According to popular wisdom, money can’t buy happiness. But money just might buy opportunity, according to Greg Duncan, Katherine Magnuson, and Elizabeth Votruba-Drzal, writing in the latest edition of Future of Children.
Poverty Hurts Child Development
Income-based gaps in cognitive development emerge early on in a child’s life. Poor kids start school well behind their wealthier peers:
Future of Children
These disparities persist and, in some cases, even grow over time.
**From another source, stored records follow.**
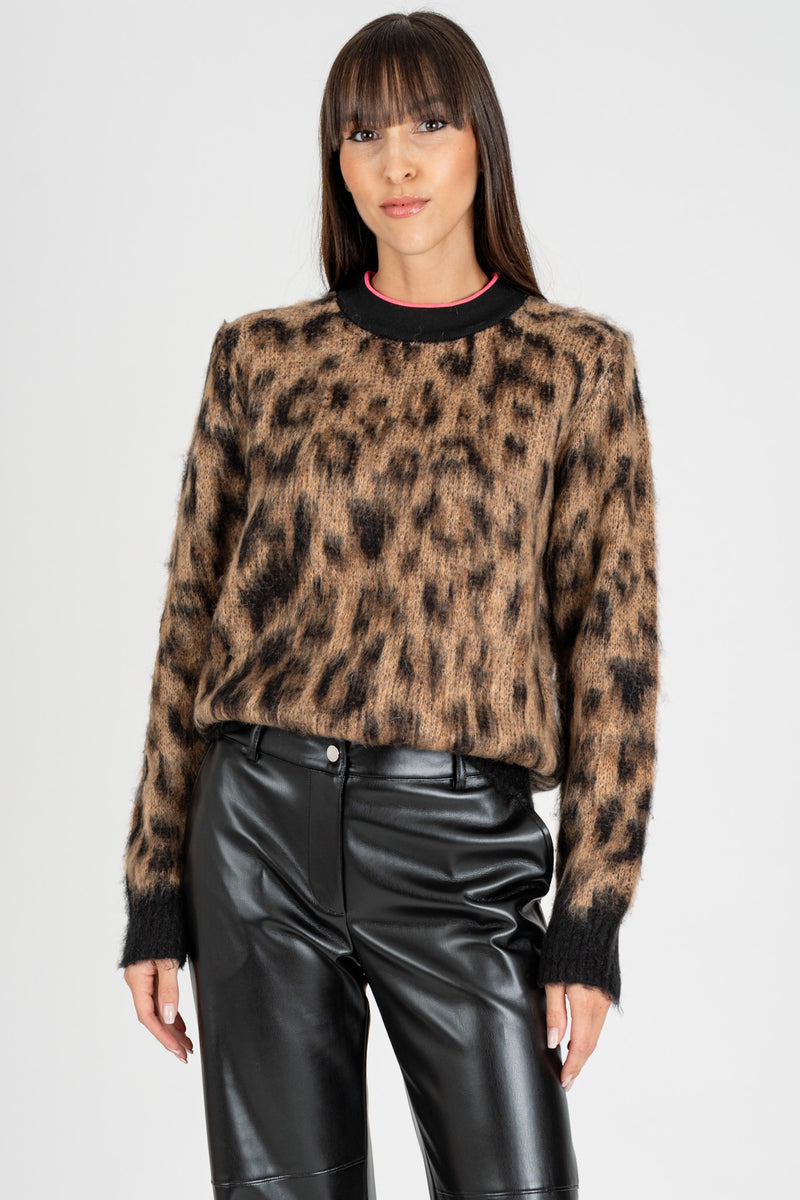 Maglione Animalier Nero Natural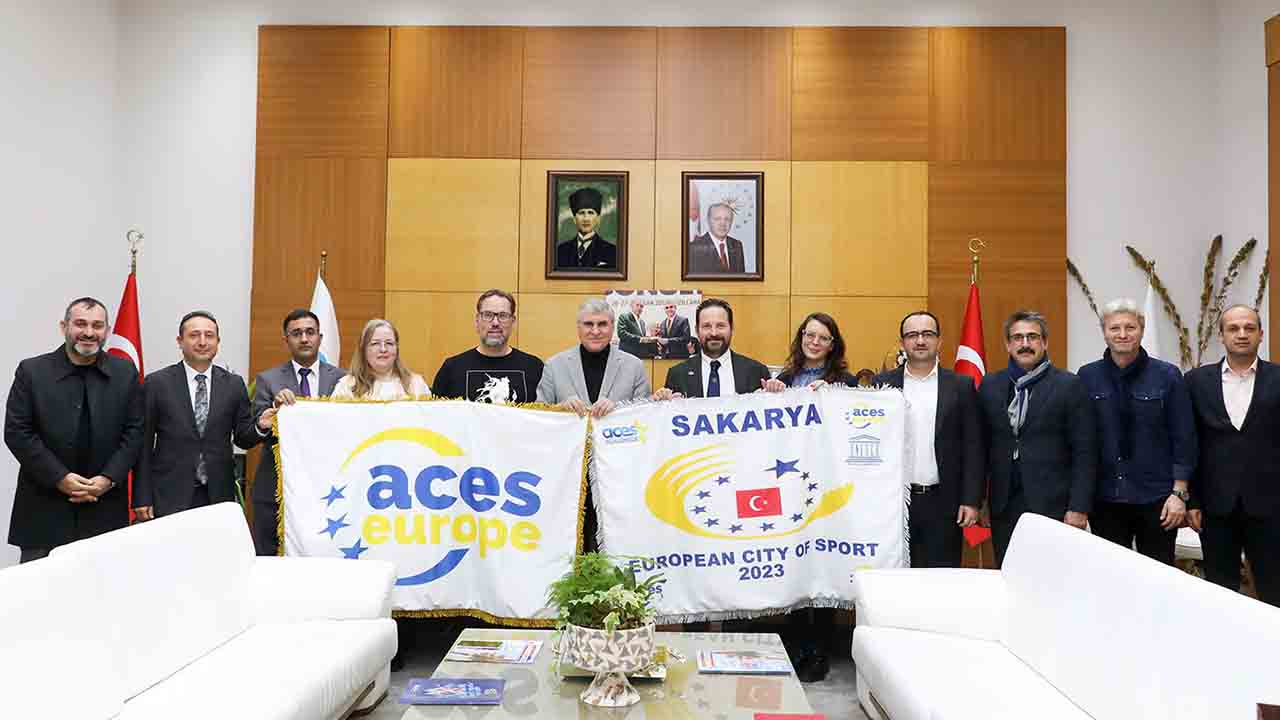 Avrupa Spor Şehri bayrağı Sakarya’da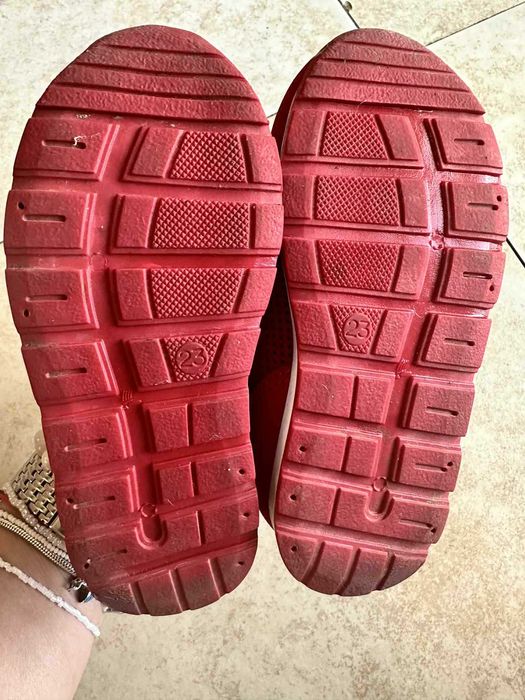 Бебешки обувки ponki summer red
Is Money the Cause, Though?
Of course, poverty is also associated with a variety of other disadvantages that are known to affect child development, including unstable family structures and low levels of parental education. The policy-relevant question then is how far money in itself impacts on life chances
There are two primary ways that income can affect child development:
- Environmental stress: Recent work in psychology and behavioral economics finds that poverty can induce psychological distress, hinder good decision-making, and strain interactions between couples, all of which “can impair the socio-emotional, physical, cognitive, and academic development [of children].”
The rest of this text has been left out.